**PROMPT:**
Repeat the lines from the one containing "傻二哥即食牛蹄筋卤肉制品 12g*10香辣味 小包装熟食小吃休闲零食" through the end of the listing exactly, both ends included. Do not carry over any pictures.
══ STORED DATA
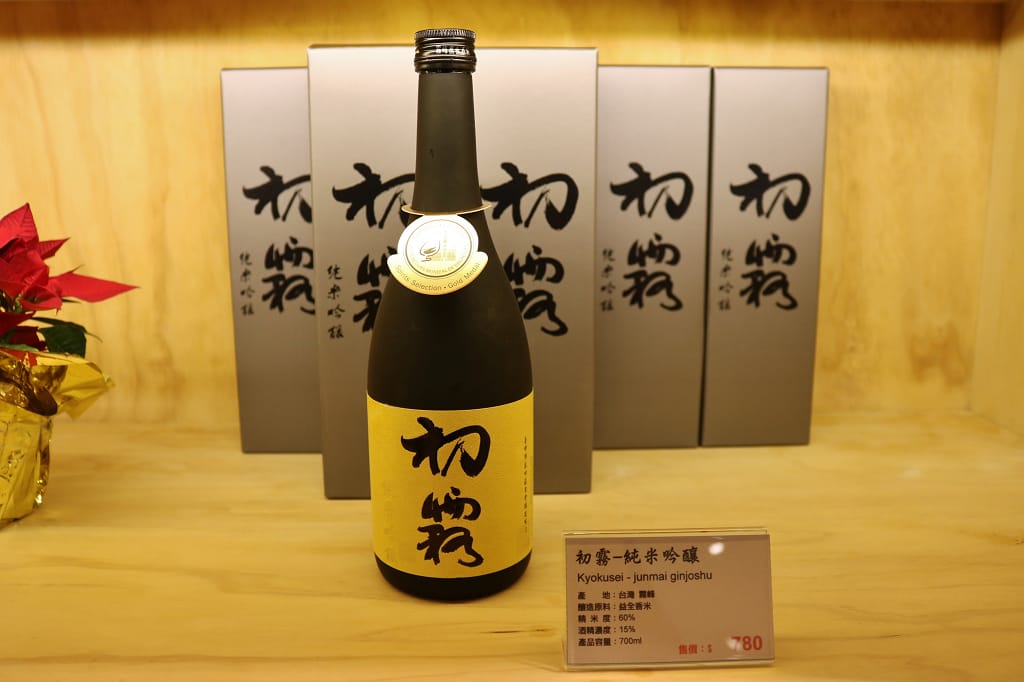 台北｜禾發堂 台灣好農良品 在地清酒專賣店 友善耕作．小農作物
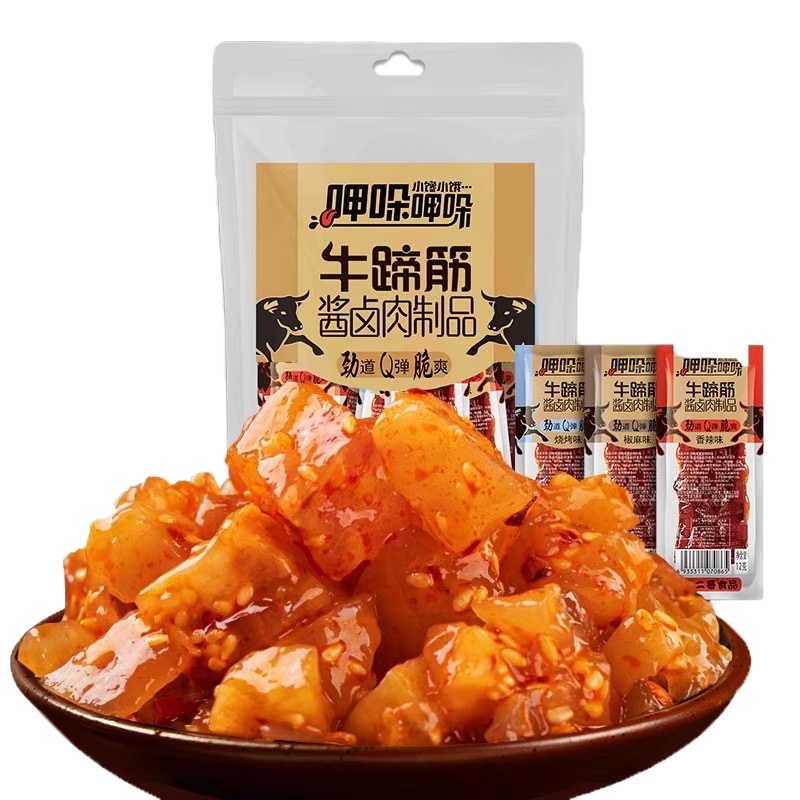傻二哥即食牛蹄筋卤肉制品 12g*10香辣味 小包装熟食小吃休闲零食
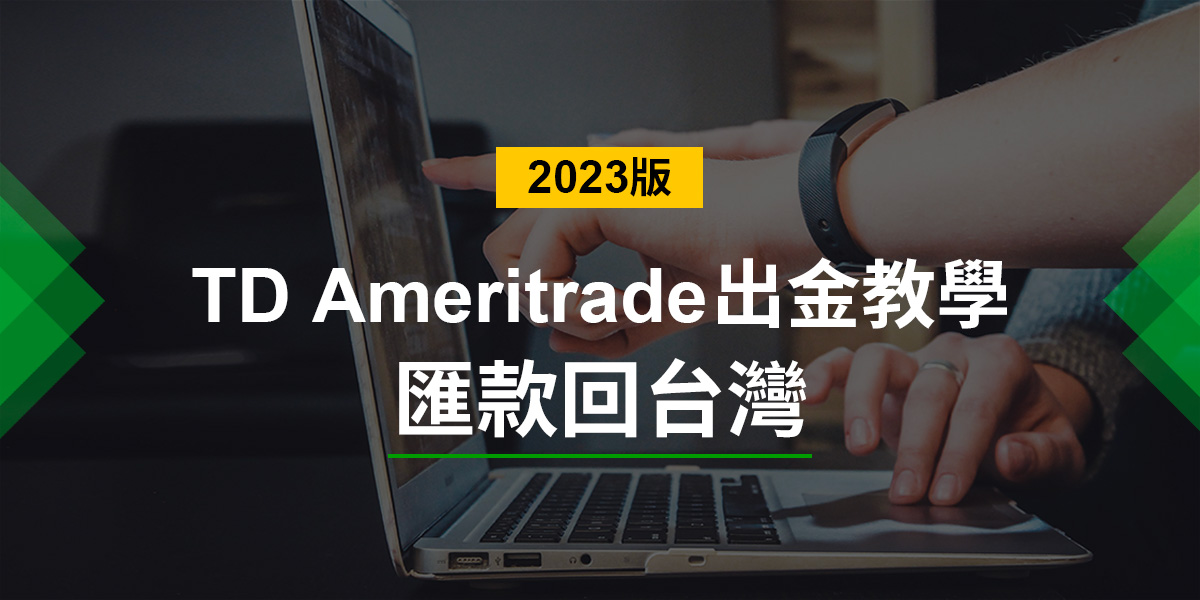 如何從TD Ameritrade匯錢回台灣？(2023最新出金流程教學)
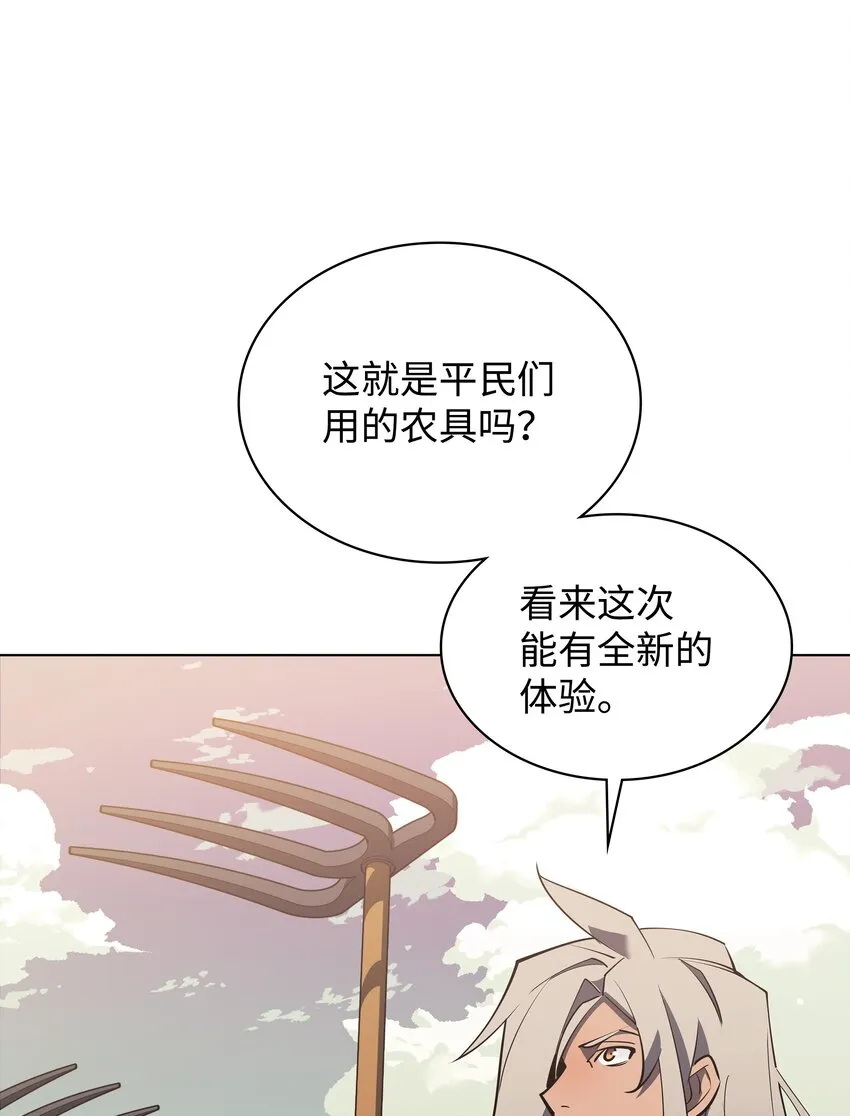 114 门外的礼炮 第62页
════
**TASK SOLUTION:**
傻二哥即食牛蹄筋卤肉制品 12g*10香辣味 小包装熟食小吃休闲零食
 如何從TD Ameritrade匯錢回台灣？(2023最新出金流程教學)
 114 门外的礼炮 第62页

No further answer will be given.